[EXTRACTED INFORMATION]:
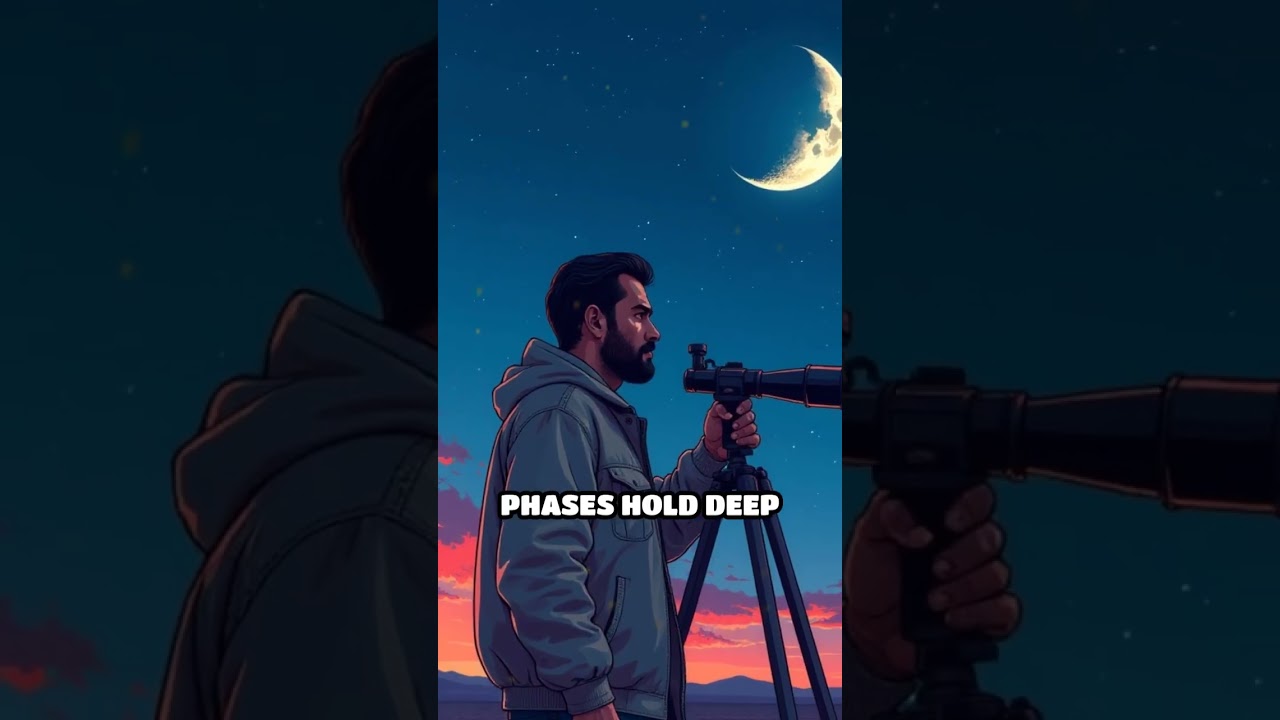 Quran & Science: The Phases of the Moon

...

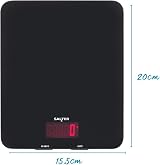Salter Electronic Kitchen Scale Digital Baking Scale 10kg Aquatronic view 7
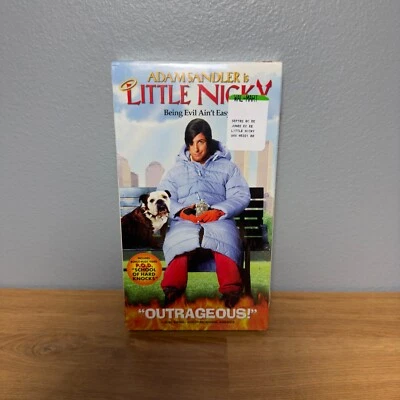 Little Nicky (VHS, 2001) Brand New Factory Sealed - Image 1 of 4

[TASK REQUIREMENTS]:
Above are some records; quote exactly and only the lines that begin at the line containing "Salter Electronic Kitchen" and stop after the line containing "Little Nicky (VHS, 2001)", leaving out the pictures.

[TASK RESPONSE]:
Salter Electronic Kitchen Scale Digital Baking Scale 10kg Aquatronic view 7
 Little Nicky (VHS, 2001) Brand New Factory Sealed - Image 1 of 4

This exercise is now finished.